不过,这仅仅是较为浅显的原因,真正让裕王内心充满恐惧与不安的,实则是另一件事——周云逸事件。
年前的除夕,裕王、徐阶、高拱、张居正等人,趁着一冬无雪,嘉靖为此事问询的机会,让周云逸出面直言进谏,指出“朝廷开支无度,官府贪墨横行,民不聊生,天怒人怨”。
清流策划这一行动,本质上是想借着天象异常,把矛头指向严党,为后续一系列倒严的行动制造声势、铺垫道路。可这计划看似完美,第一步却出了岔子。
嘉靖本意是让周云逸以专业部门、学术权威的身份来为自己站台背书,然而周云逸受了清流鼓动,直接给这事定了性——“天怒人怨”,这可彻底触怒了嘉靖。
嘉靖恼羞成怒之下,默许冯保杖毙了周云逸。
虽说嘉靖解决了提出问题的人,可那异常的天象依旧摆在那儿,舆论的压力让他不得不下诏罪己,在玉熙宫斋戒祈雪。
从春节到元宵,别人都在阖家团圆、欢欢喜喜过年,唯有嘉靖一人得沐浴更衣,在宫中斋戒祈雪,心里头别提多不情愿了,那怨气可想而知。
裕王深知父皇的脾性,作为这一事件的幕后主使,他心里明白,憋了一肚子火的父皇极有可能会在御前财政会议上揪住周云逸事件不放。
所以,哪怕妻子正在产房里生死挣扎,他却还是一个劲儿地让谭纶盯着宫里参会的高拱与张居正,满心担忧二人会因周云逸之事受到牵连,进而把自己也给搭进去。
谭纶这个直肠子,压根没看透裕王的心思,看着裕王满脸愁容,还安慰道:“王爷,王妃是足月生产,母子都会平安,您不用太急。”

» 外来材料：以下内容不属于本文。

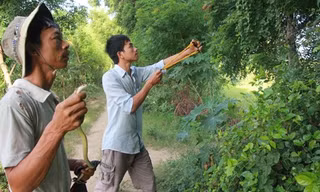 Anh Cường (trái) và anh Thiết đang truy lùng một con rắn lải.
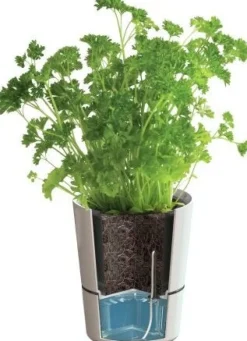 Clearance Mepal Kräutertopf 'Twin' weiß 27,3 x 13,7 x 22 cm Anzuchtkästen & Mini-Gewächshäuser|Blumentöpfe & Pflanzgefäße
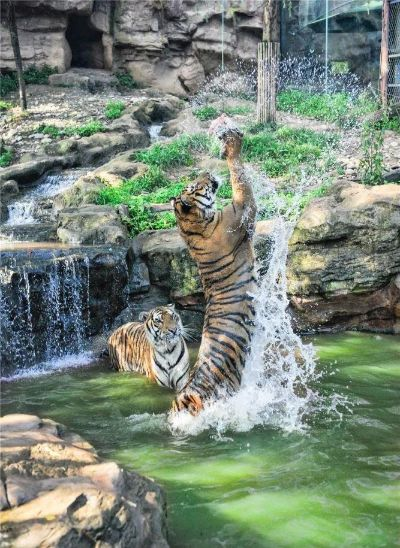 青岛虎界“刘亦菲”爆红，外地游客慕名打卡，体验独特魅力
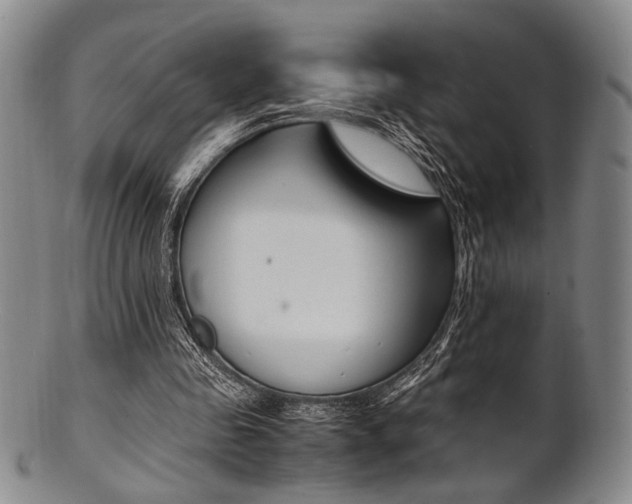 X0000101660341200807101030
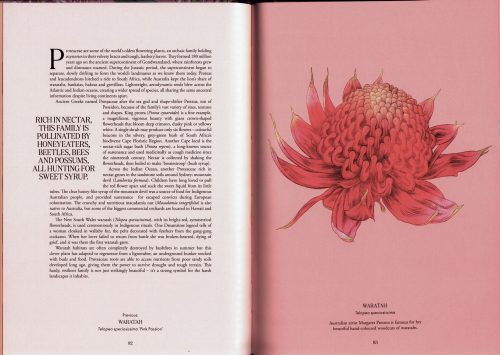 Petal: The World of Flowers Through an Artist's Eye - Image 2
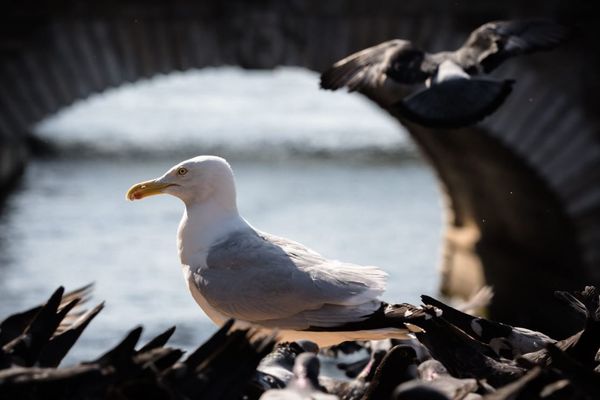 Un goéland argenté au milieu des pigeons, en train de se nourrir près des quais de Seine.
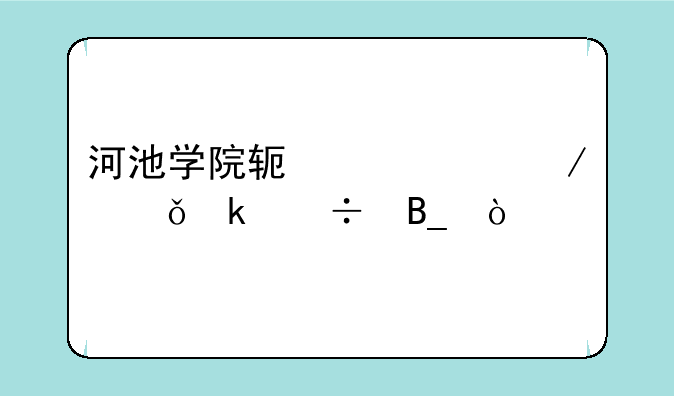 河池学院软件工程就业好吗？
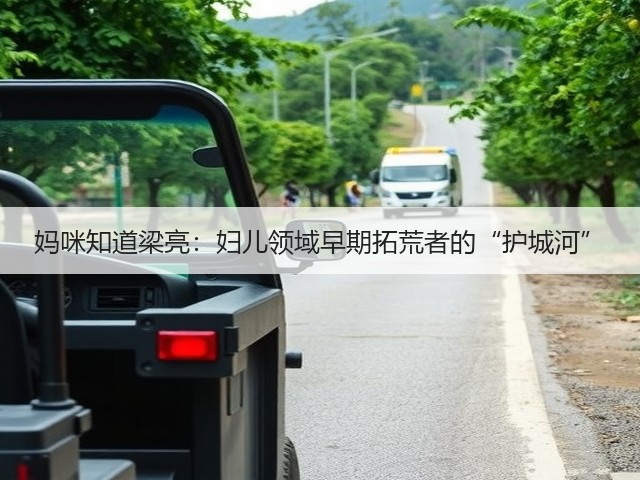 妈咪知道梁亮:妇儿领域早期拓荒者的“护城河”(图3) 妈咪知道梁亮:妇儿领域早期拓荒者的“护城河”(图3)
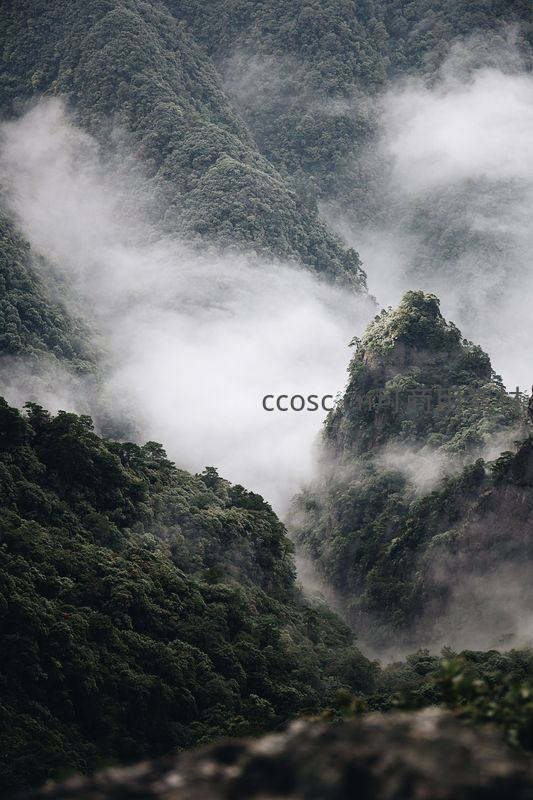 云雾缭绕的翠绿山谷与奇峰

可谭纶说的是生孩子的事儿,裕王心里想的却是周云逸被打死那事儿,两人完全不在一个频道上。
反倒是李妃,更懂裕王的心思。
在谭纶去请太医时,裕王与李妃有过一段对话,李妃说:“王爷,高拱、张居正不会有事的。”
裕王回道:“谁都不会有事的,你争口气,给皇上把个龙孙给生下来,就什么都好了。”
夫妻之间就是这般默契,李妃清楚裕王焦虑的根源所在。
裕王那句“谁都不会有事的”,这一个“谁”字可蕴含了太多信息,他所顾虑的可不单单是高拱、张居正,更是自己的安危。
在他看来,此刻还未出生的孩子就是自己手中唯一的底牌,要是个男孩,那可就是一张“王炸”牌了。
可怜那还未降生的万历,就这样被卷入了这场政治斗争的漩涡之中。
或许是时来运转,财政会议前,天降祥瑞,大雪纷飞,嘉靖的心情好了一大半;会议进行中,王妃顺利诞下皇孙,裕王算是拿到了那张关键的好牌。
会议结束后,得知喜讯的嘉靖还赏赐了冬枣和栗子,寓意早立子。
就如某位伟人说的那般,“存人失地、人地皆存,存地失人、人地皆失”。
对于清流而言,这次倒严行动虽说又失败了,但大家好歹死里逃生、全身而退,这已然是最大的收获了。
毕竟手握着裕王这张“超级彩票”,迟早是能兑现大奖的。
在这清流与严党的官场争斗大戏里,看似双方你来我往,实则有着裕王加持的清流,让这场争斗注定成了一场不对称的较量。
清流们背后的裕王,世子在手,已然立于不败之地。